Menurut Andri Kurniawan, akhir-akhir ini BUMD menjadi topik hangat di kalangan Publik Riau, bagaimana tidak Badan Usaha Milik Daerah tersebut ternyata diduga menjadi sarang koruptor dengan modus operandi bekerja sama dengan para pengusaha atas penerbitan kredit di atas kawasan hutan, yang nanti hasil dari kredit yang dicairkan akan dibagi-bagi sesuai porsi kerjanya.
KUD yang berada di Kabupaten Rokan Hilir menjadi salah satu objek permasalahan yang sampai saat ini tidak tersentuh hukum, lahan yang luasnya lebih kurang ratusan hektare yang diakadkan pada September 2022 menjadi pertanyaan besar publik, dikarenakan dari keseluruhan lahan yang dicairkan kreditnya, hampir separuh itu masuk dalam kawasan hutan, bagaimana bisa pihak bank plat merah yang dipimpin oleh oknum bisa mencairkan dana puluhan milyar rupiah tersebut.

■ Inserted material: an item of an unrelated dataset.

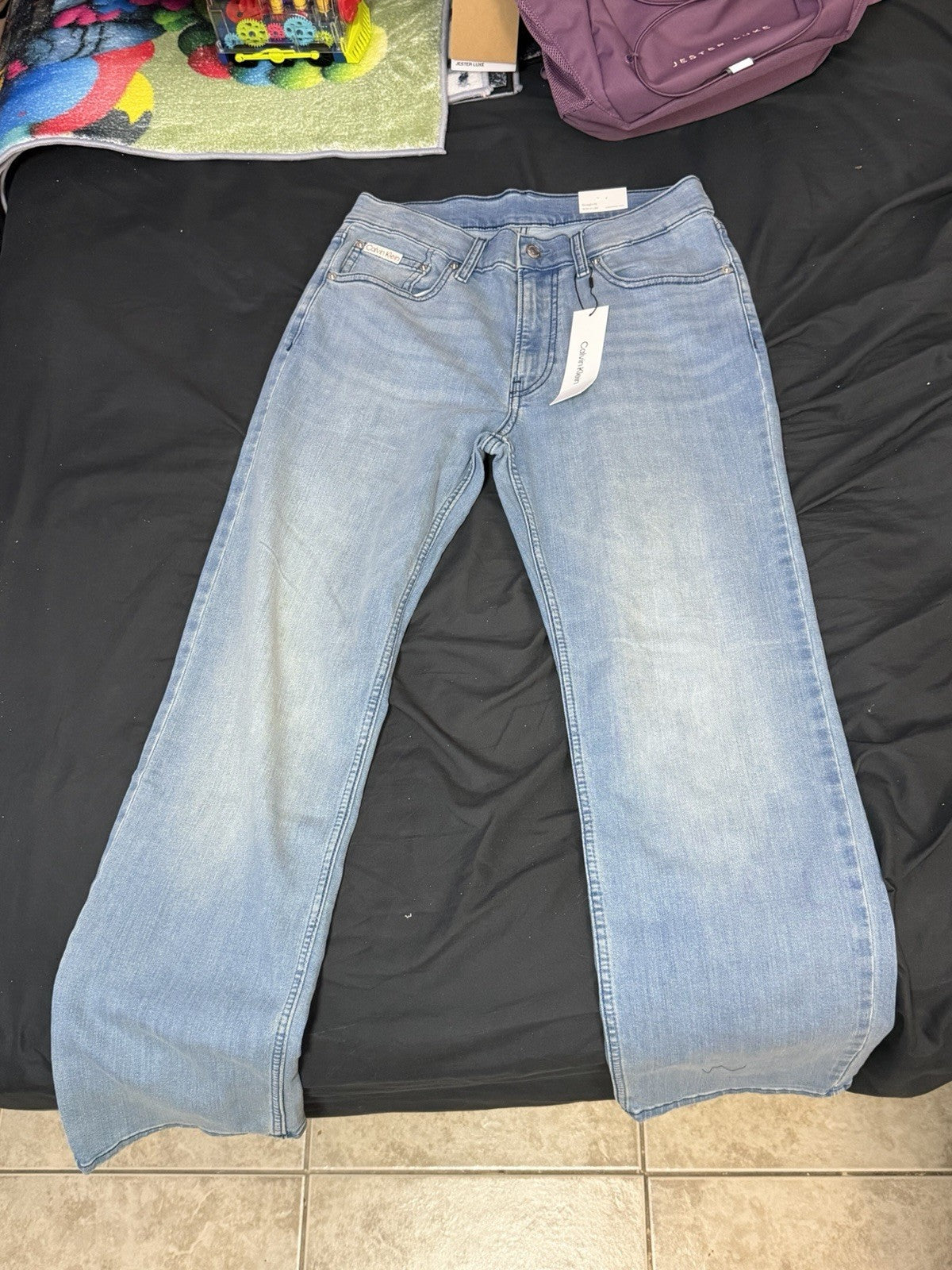 Calvin Klein Jeans Men's Straight Fit Blue Denim Jeans Solid 5-Pocket Logo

Ada dugaan pimpinan bank plat merah Riau itu bekerja sama dengan Ketua KUD yang sekarang menjadi tersangka dan ditahan di Kejaksaan Negeri Bengkalis, dengan persoalan yang sama, ini melakukan kerja sama dalam mencairkan kredit terhadap KUD tersebut, mulai dari tidak adanya survey keseluruhan di lapangan, manipulasi dokumen sampai dengan manipulasi mutasi rekening tanpa sepengatahuan dari para nasabah, diduga praktik ini dilakukan oleh oknum bank plat merah bersama dengan ketua KUD dan sampai detik ini pelanggaran hukum ini tidak tersentuh hukum. Memang betul kata pepatah kuno, sepandai-pandainya tupai melompat pasti akan jatuh juga itulah yang menimpa Ketua koperasi dan beberapa petinggi bank plat merah dengan persoalan yang serupa dengan masalah di bank plat merah. Sama-sama mencairkan kredit di sektor pertanian dan kehutanan dengan pemalsuan dokumen dan memutasikan dana di rekening nasabah tanpa sepengetahuan debitur.